# [WORK ORDER]
The whole listing, except its pictures, is to be repeated exactly.

# [SOURCE MATERIAL]
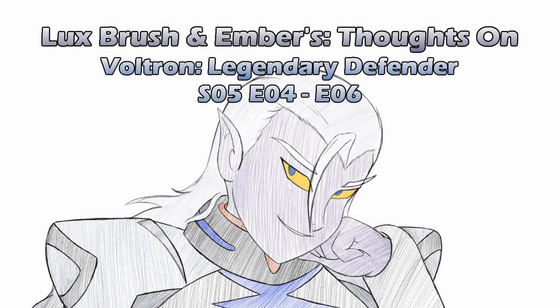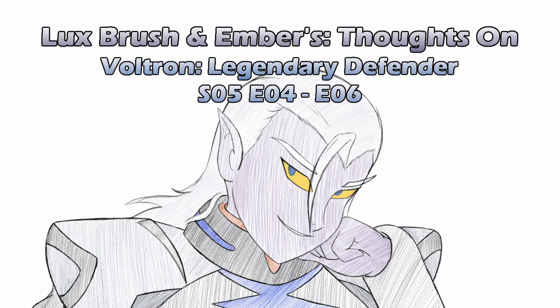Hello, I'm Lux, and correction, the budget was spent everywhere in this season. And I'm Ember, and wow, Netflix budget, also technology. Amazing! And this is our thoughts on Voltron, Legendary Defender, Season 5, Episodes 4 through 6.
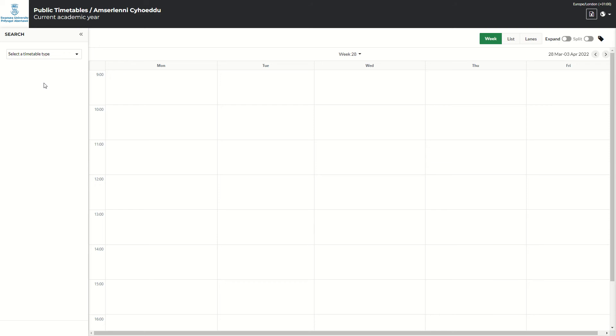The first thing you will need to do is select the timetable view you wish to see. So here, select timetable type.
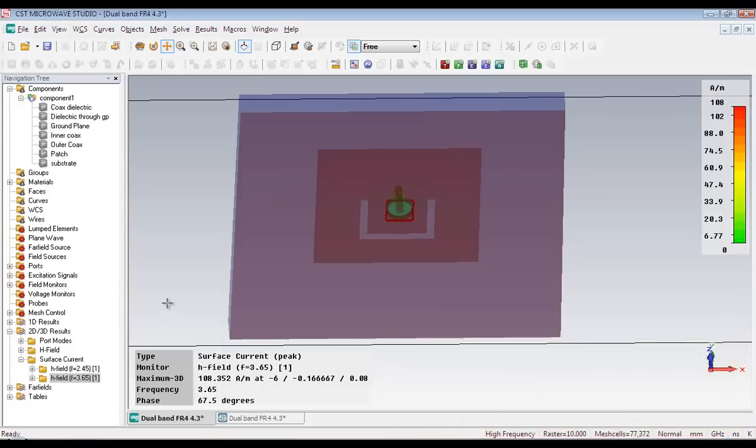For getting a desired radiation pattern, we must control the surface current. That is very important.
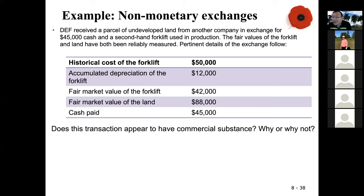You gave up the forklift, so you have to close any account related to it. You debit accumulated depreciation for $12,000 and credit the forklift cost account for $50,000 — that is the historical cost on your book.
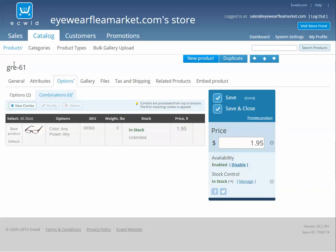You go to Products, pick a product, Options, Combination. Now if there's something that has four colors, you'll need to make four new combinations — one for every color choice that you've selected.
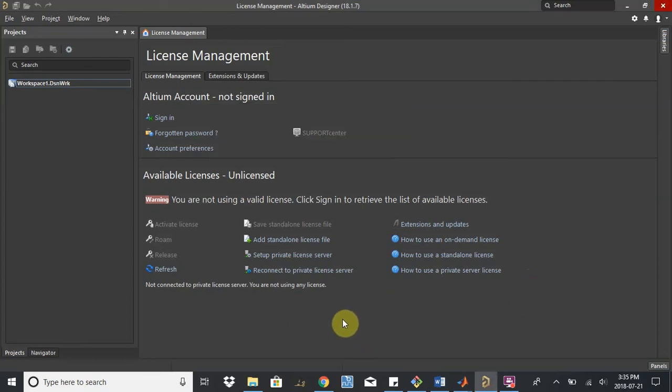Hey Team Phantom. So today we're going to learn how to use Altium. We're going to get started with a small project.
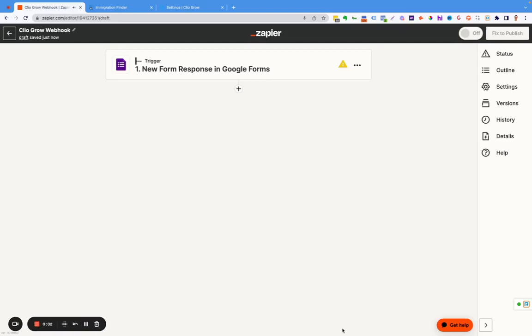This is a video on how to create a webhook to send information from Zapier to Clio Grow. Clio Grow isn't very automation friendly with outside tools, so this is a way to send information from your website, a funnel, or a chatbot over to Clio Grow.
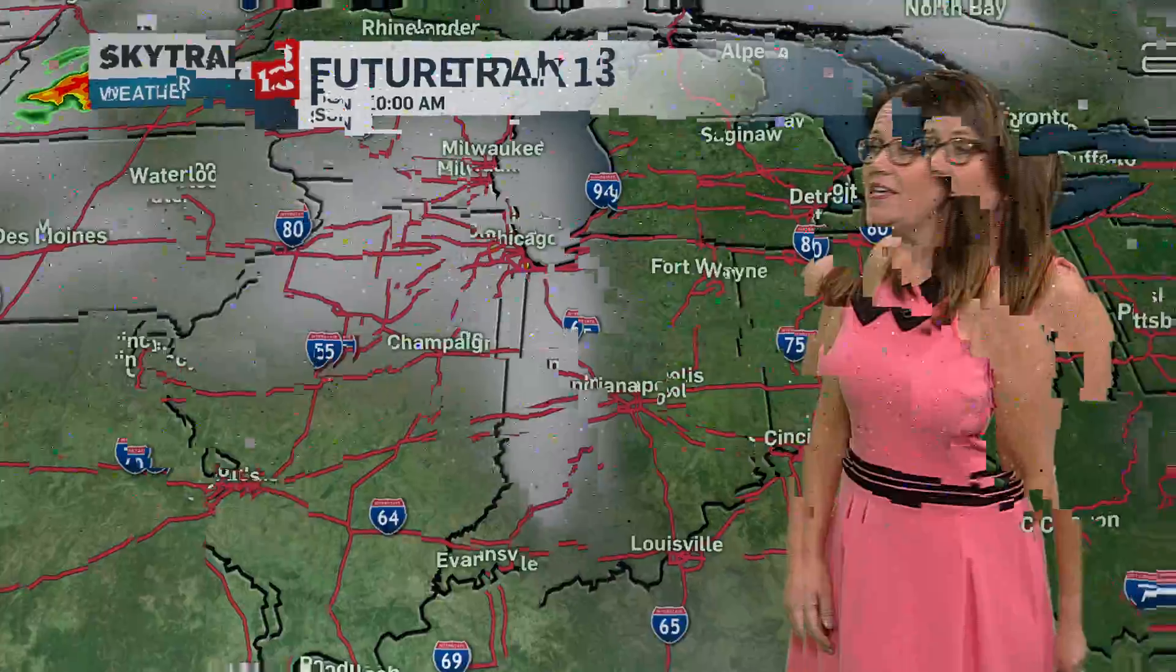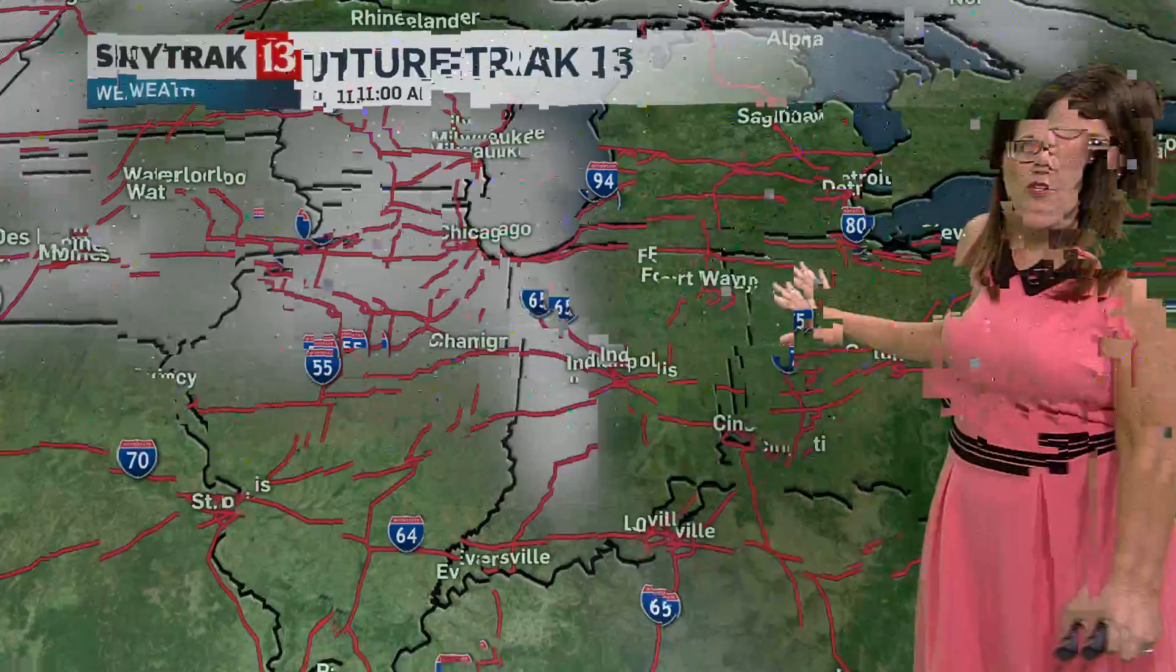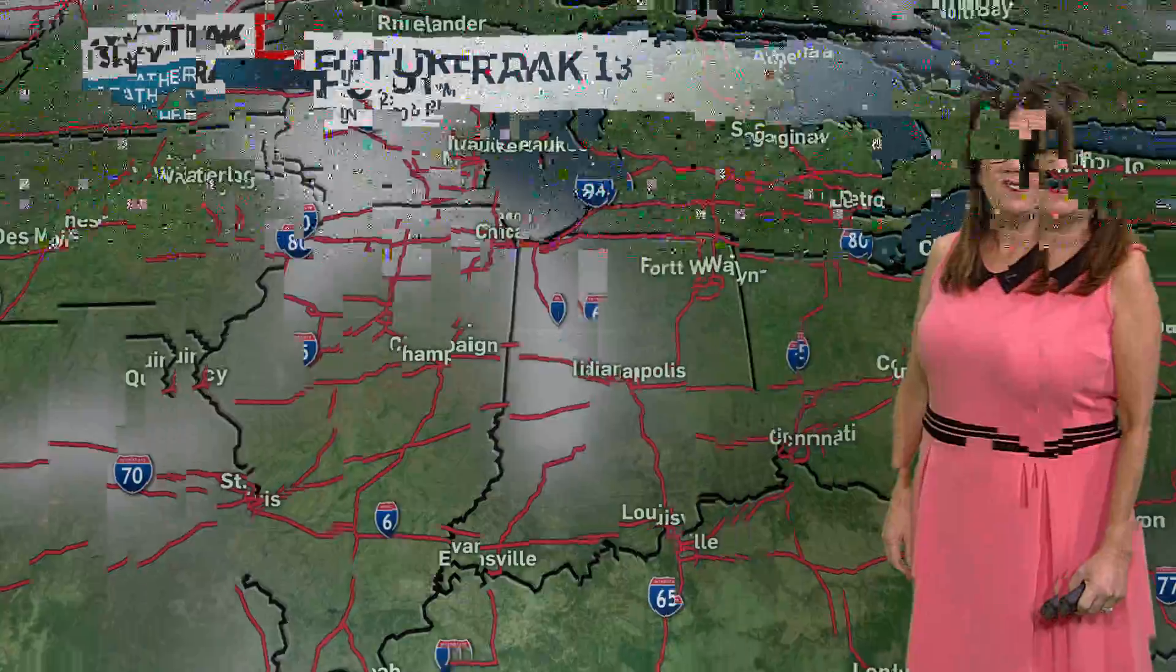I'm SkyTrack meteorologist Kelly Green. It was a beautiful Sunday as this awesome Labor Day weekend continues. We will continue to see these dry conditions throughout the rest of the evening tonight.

# [EXERCISE OUTPUT]
Hello, I'm Lux, and correction, the budget was spent everywhere in this season. And I'm Ember, and wow, Netflix budget, also technology. Amazing! And this is our thoughts on Voltron, Legendary Defender, Season 5, Episodes 4 through 6.
The first thing you will need to do is select the timetable view you wish to see. So here, select timetable type.
For getting a desired radiation pattern, we must control the surface current. That is very important.
You gave up the forklift, so you have to close any account related to it. You debit accumulated depreciation for $12,000 and credit the forklift cost account for $50,000 — that is the historical cost on your book.
You go to Products, pick a product, Options, Combination. Now if there's something that has four colors, you'll need to make four new combinations — one for every color choice that you've selected.
Hey Team Phantom. So today we're going to learn how to use Altium. We're going to get started with a small project.
This is a video on how to create a webhook to send information from Zapier to Clio Grow. Clio Grow isn't very automation friendly with outside tools, so this is a way to send information from your website, a funnel, or a chatbot over to Clio Grow.
I'm SkyTrack meteorologist Kelly Green. It was a beautiful Sunday as this awesome Labor Day weekend continues. We will continue to see these dry conditions throughout the rest of the evening tonight.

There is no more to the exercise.